Sarah Rubino is a nurse midwife who served with us in Nzara, South Sudan two years ago. After welcoming her son Max into the world, she returned to Nzara once again—this time as a nurse midwife and a mother. Below she reflects on the challenges of motherhood in South Sudan and her journey to finding joy in even the smallest actions.


Being a mother in South Sudan is one of the most difficult jobs I have ever done. Included in this, of course, are the challenges of caring for a child in an extremely low resource setting—the time consumed by daily chores, the difficulty of monitoring a mother in labor while also trying to breastfeed.

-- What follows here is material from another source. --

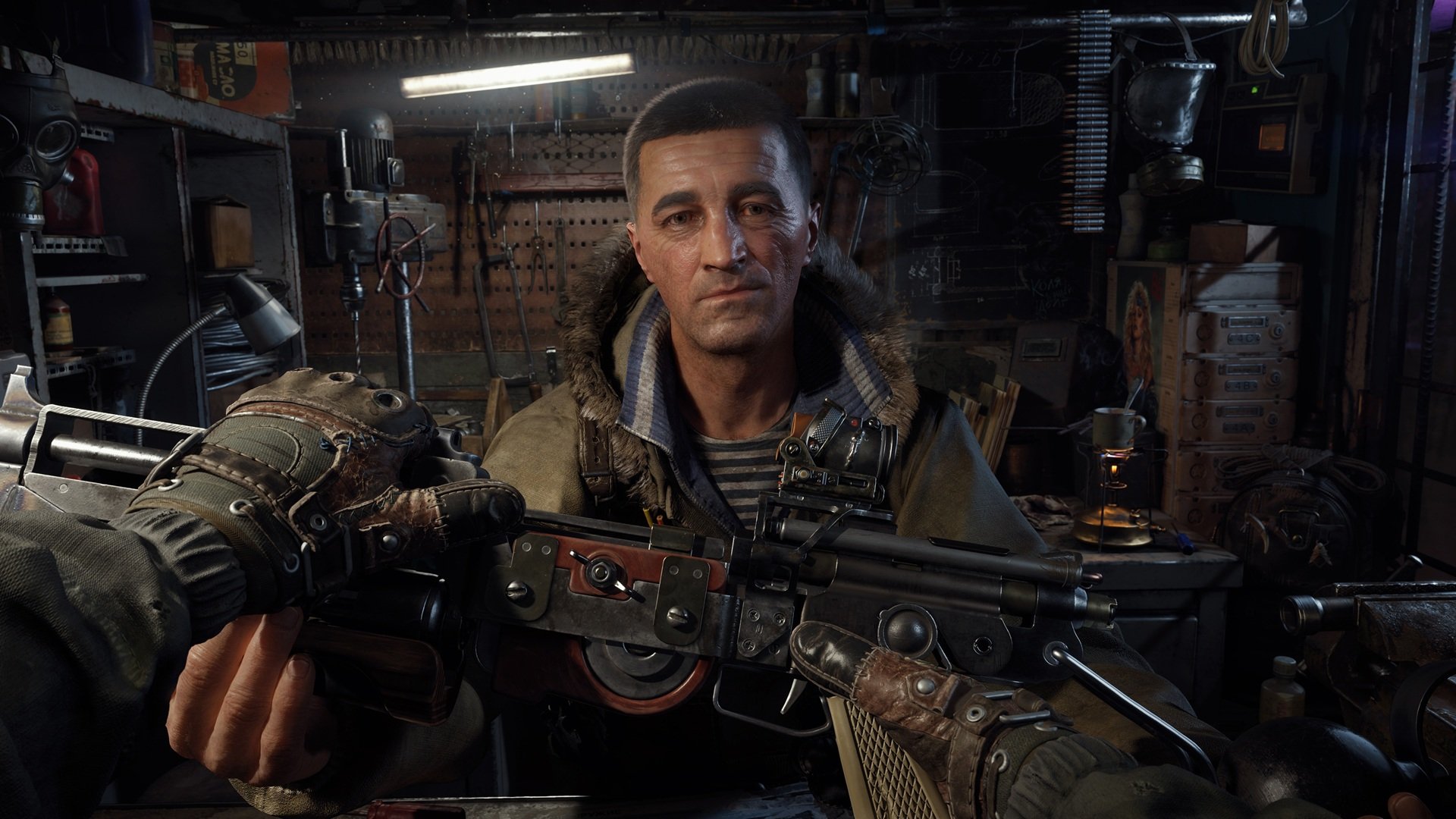 METRO 2039 05_M2039_01_TheArmorer_4k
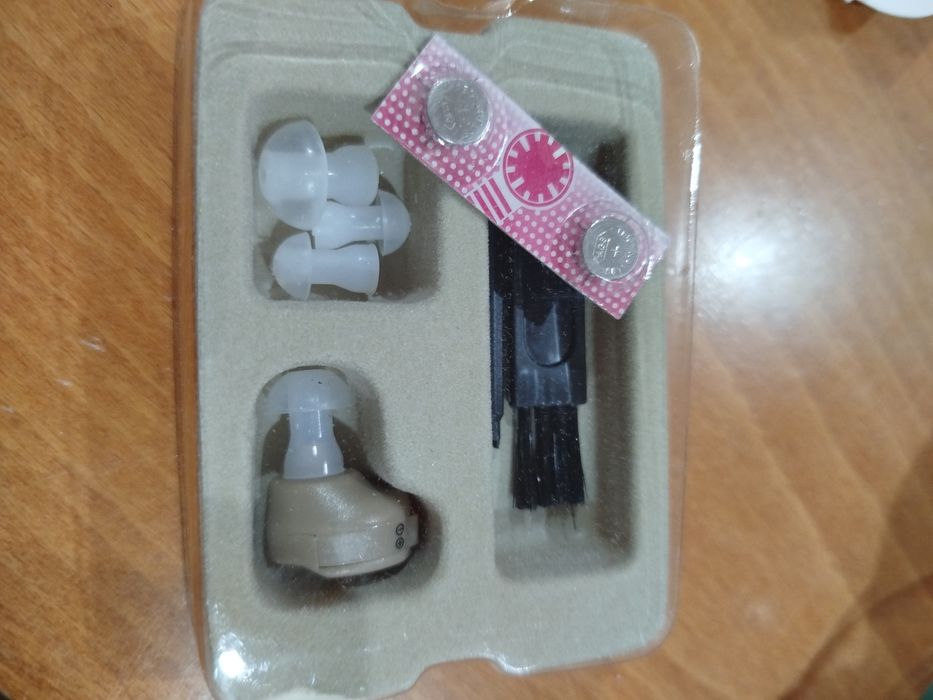 Продавам нов слухов спарат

But most of all it’s the crushing realization that I am not enough. I am not enough to keep my child fed, changed, safe, and happy. I am not enough to care for the mothers of Nzara. I am not enough to keep these tiny babies alive. Accepting this reality was the first step towards finding peace and joy in the small contributions I could make.

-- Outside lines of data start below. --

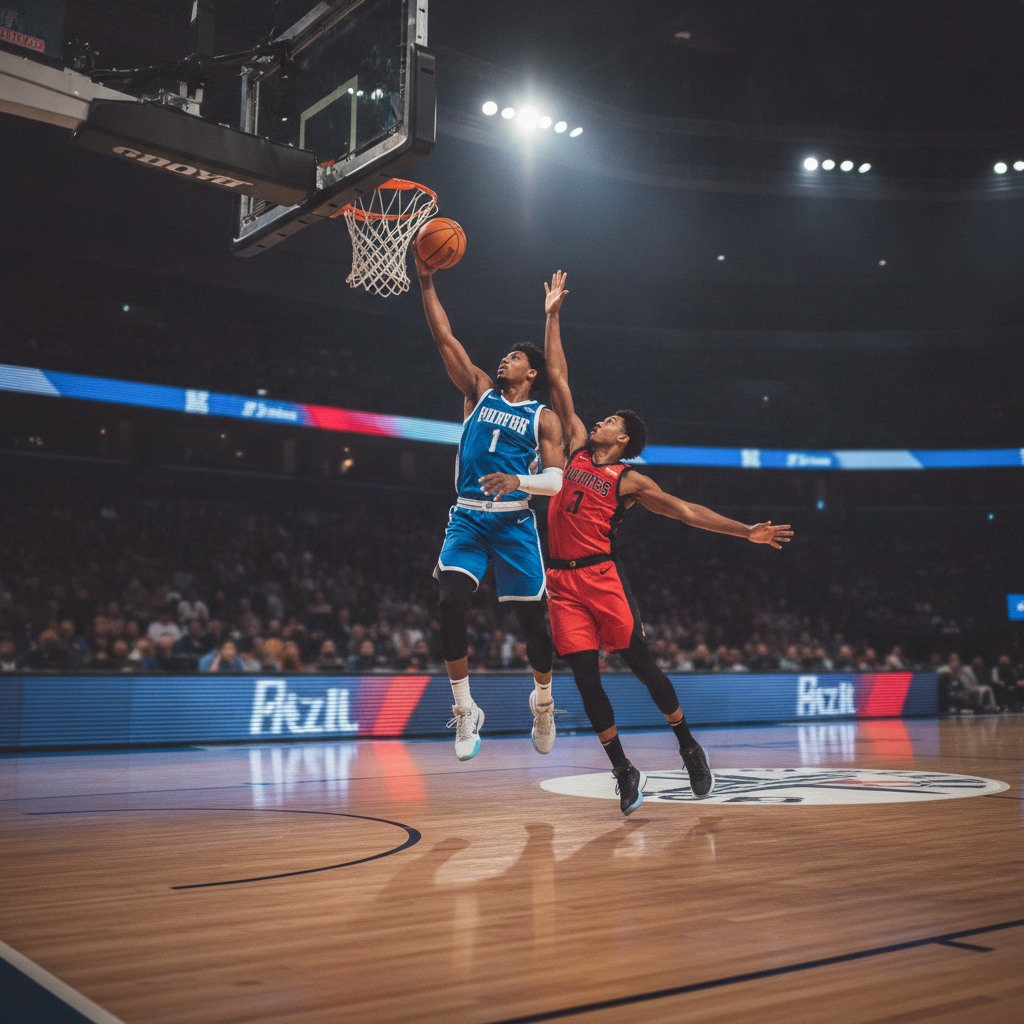 Koszykówka 2026: Najważniejsze wydarzenia, transfery i wyniki w NBA, Eurolidze i polskiej ekstraklasie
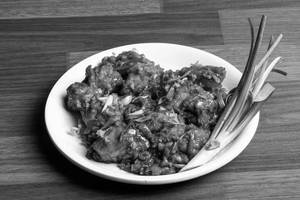 Hot Garlic Chicken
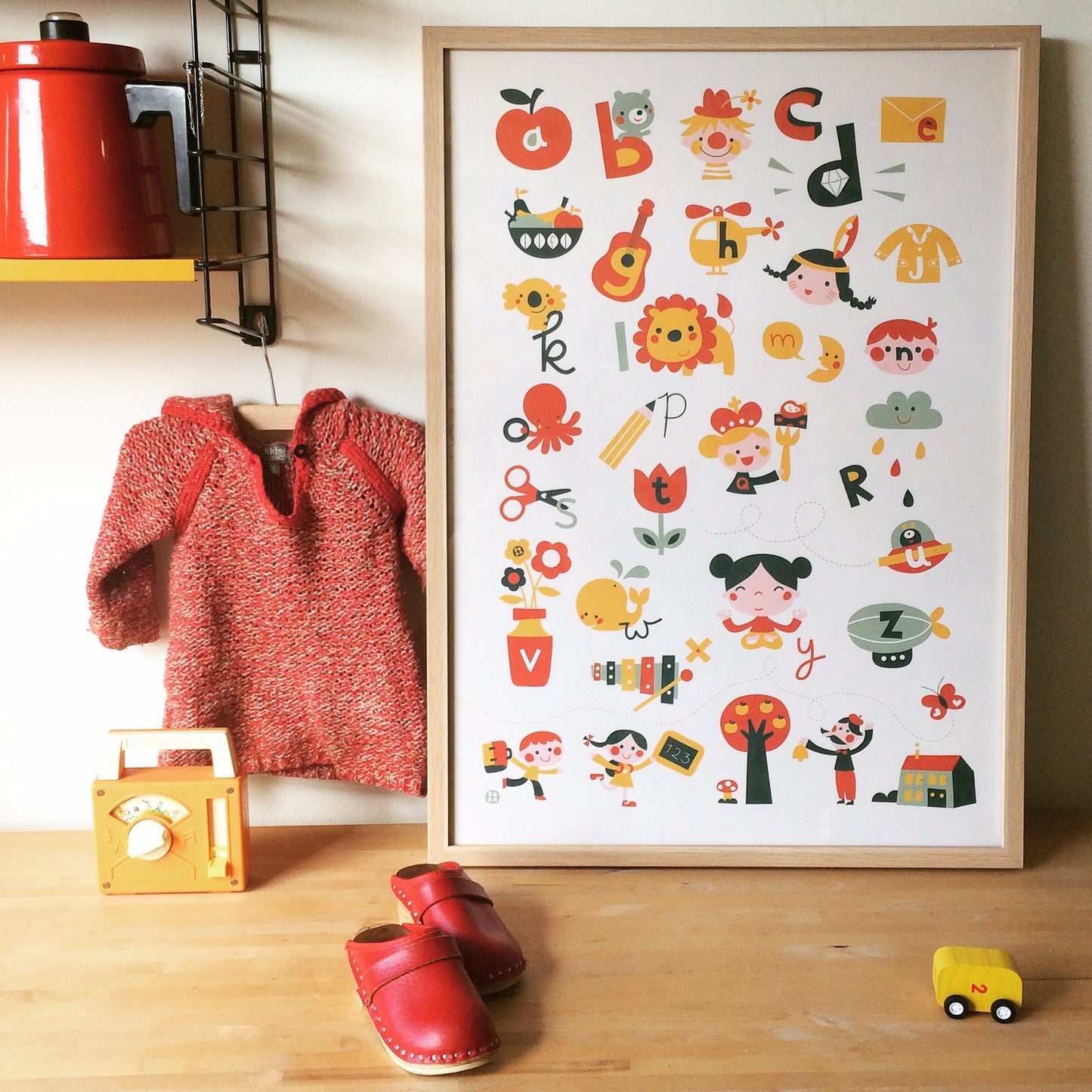 Poster ABC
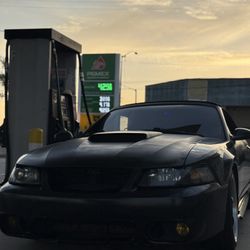 2002 Ford Mustang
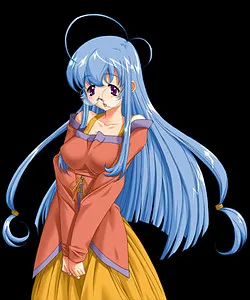 Shunzaki Iria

When my husband and I first arrived in Nzara two years ago, I had just received my license to practice as a nurse-midwife. I had no prior training in labor and delivery before I went back to school to get my masters in nursing and only had several years’ experience as an orthopedic/neurological/surgical nurse. I quickly learned that no matter how unqualified I felt, no matter how little hands-on experience I had, I couldn’t let that be a deterrent to working and serving where I was needed most.

Sarah holding the first baby she ever helped, two years later

Sarah with the first child she helped deliver in Nzara, two years old.

The Burden of Being Present

While working in US hospitals, I did help save peoples’ lives. But I had the comfort of feeling replaceable. Had I not been in the hospital saving that person’s life, they still would have survived because some other nurse or doctor would have been there to save them. In Nzara, South Sudan, nurses, doctors, and clinical officers are spread so thin that this is not the case.

Many times in Nzara, if I was not there during a difficult delivery of a newborn who wouldn’t breathe, or assisting in monitoring a premature baby, those infants would die because I was not there. Even though I was familiar with volunteering and serving in developing countries, nothing could prepare me for that degree of scarcity in healthcare. It’s heartbreaking to not get there in time to save an infant’s life. I had to come to terms with the burden of being present to save children’s lives while also taking the time to care for myself.

When my husband and I decided to return to Nzara with our 7-month-old son Max, I was aware that the struggle to find a healthy balance would be even more difficult. Not only would I be caring for myself and working as a nurse-midwife; I would be doing this as a mother.

Martin holds baby Max in front of the hospital

Martin and Max in front of the hospital

In many ways returning to South Sudan felt like returning home. Even though it had been a year since I left Nzara, it was as if I never left.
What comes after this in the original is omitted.